Any large-scale MS-based profiling method is susceptible to generating false-positive data, which can become particularly problematic for interpretation of lower-abundance signals10. Accordingly, we sought to establish a robust protocol to quickly validate proteins enriched in 17-ODYA-treated samples. This method takes advantage of the fact that 17-ODYA-labeled proteins can be visualized by one of multiple platforms, including gel-based readouts (by click chemistry conjugation to fluorescent azide tags), which are much simpler and higher-throughput than LC-MS. 12 high-confidence and 6 medium-confidence targets were successfully over-expressed in 293T cells as determined by anti-FLAG western blot. Membrane lysates of the 17-ODYA-labeled cells were directly labeled with rhodamine-azide and analyzed by SDS-PAGE. Shown in Supplementary Fig. 4 are results for a representative 15 of these 18 proteins. Of the 18 proteins analyzed, only two (PTBP1 and SHMT2) failed to show any evidence of palmitoylation in 293T cells. Thus, we were able to validate ~90% (16/18) of this set of novel acylation targets, including 11 of 12 high confidence hits and 5 of 6 medium-confidence hits, suggesting that our LC-MS profiles contain a low overall false-positive rate.

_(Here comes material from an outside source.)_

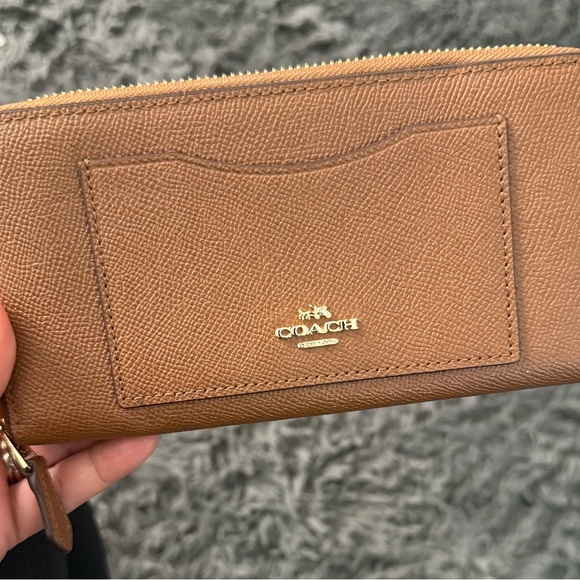 Coach Tan Leather Zip Wallet NWT - Picture 1 of 6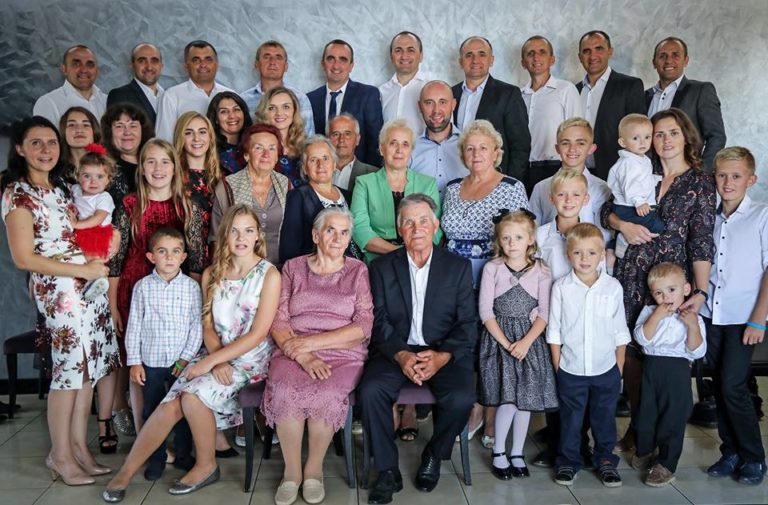 10 братів приїхали з усього світу в глухе село на Волині, щоб привітати батьків з 50-річчям шлюбу. Цього року народився 50-й онук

The validated group also contained several potential N-myristoylation targets, including C11orf59, IGSF8, MREG, and PAFAH, based on the presence of an N-terminal Met-Gly sequence. PAFAH2 is a characterized target of myristoylation11, and showed a hydroxylamine-resistant fluorescent band, as did C11orf59 (Supplementary Fig. 4). The other putative myristoylated proteins showed either complete or near-complete loss in signal following hydroxylamine treatment. These results argue that 17-ODYA can also be incorporated into endogenous sites of N-myristoylation. Since N-myristoyltransferases have exquisite selectivity for acyl-chains < C16 in length12, we interpret our data to indicate that N-myristoylated proteins are likely labeled by metabolic products of 17-ODYA fatty acid oxidation, which is presumably the major route of probe degradation.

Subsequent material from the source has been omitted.